Circuit Breaking
Envoy's circuit breaking lets you configure failure thresholds to prevent cascading failure in a microservices architecture. Learn how to configure circuit breakers on clusters and best practices for tuning the thresholds.
The Learn Envoy series was originally created by Turbine Labs and generously donated to the Envoy project upon Slack’s acquisition of the TurbineLabs team. Special thanks go out to Brook Shelley, Emily Pinkerton, Glen Sanford, TR Jordan, and Mark McBride from TurbineLabs.
In the world of microservices, services often make calls to other services. But what happens when a service is busy, or unable to respond to that call? How do you avoid a failure in one part of your infrastructure cascading into other parts of your infrastructure? One approach is to use circuit breaking.
Circuit breaking lets you configure failure thresholds that ensure safe maximums after which these requests stop. This allows for a more graceful failure, and time to respond to potential issues before they become larger. It’s possible to implement circuit breaking in a few parts of your infrastructure, but implementing these circuit breakers within services means they are vulnerable to the same overload and failure we’re hoping to prevent. Instead, we can configure circuit breaking at the network layer within Envoy, and combine it with other traffic shaping patterns to ensure healthy and stable infrastructure.

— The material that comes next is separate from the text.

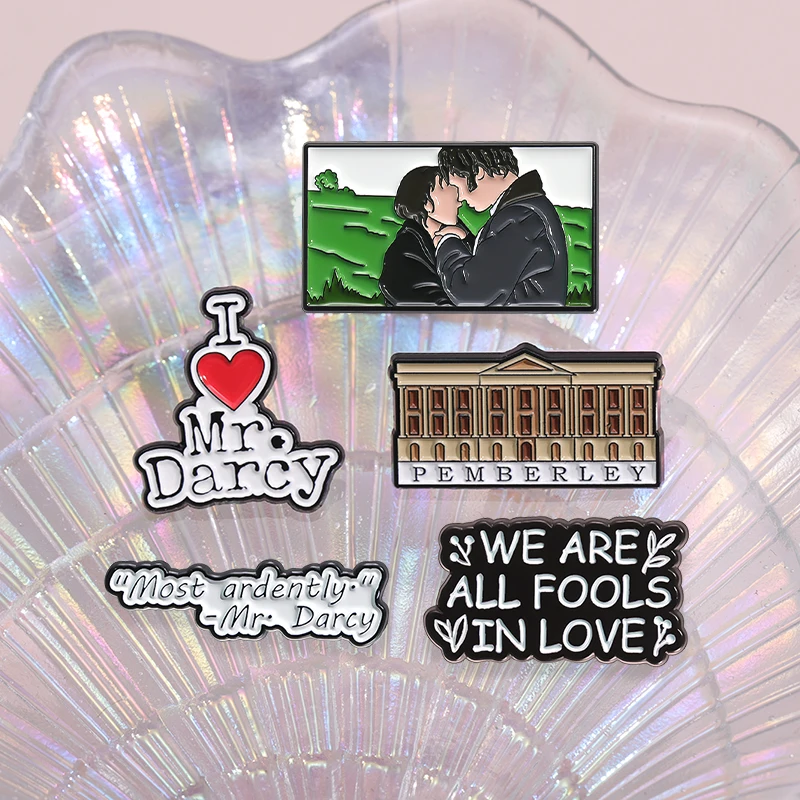 Stolz und Vorurteil Emaille Pin Custom Mr Darcy Romantische Liebhaber Geschichte Buch Broschen Rucksack Revers Abzeichen Schmuck Geschenk für Leser Image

Configuring circuit breaking
Envoy provides simple configuration for circuit breaking. Consider the specifics of your system as you set up circuit breaking.
Circuit breaking is specified as part of a Cluster (a group of similar upstream
hosts) definition by adding a circuit_breakers
field. Clusters are returned
from the Cluster Discovery Service (CDS), either in the bootstrap config, or a
remote CDS server .
Circuit Breaker Configuration
Here’s what a simple circuit breaking configuration looks like:
circuit_breakers:
thresholds:
- priority: DEFAULT
max_connections: 1000
max_requests: 1000
- priority: HIGH
max_connections: 2000
max_requests: 2000
In this example, there are a few fields that allow for a lot of service flexibility:
thresholds
allows us to define priorities and limits for the type of traffic
that our service responds to.
priority
refers to how routes defined as DEFAULT
or HIGH
are treated by
the circuit breaker. Using the settings above, we would want to set any
requests that shouldn’t wait in a long queue to HIGH. For example: POST
requests in a service where a user wants to make a purchase, or save their
state.
max_connections
are the maximum number of connections that Envoy will make to
our service clusters. The default for these is 1024, but in real-world
instances we may drastically lower them.
max_requests
are the maximum number of parallel requests that Envoy makes to
our service clusters. The default is also 1024.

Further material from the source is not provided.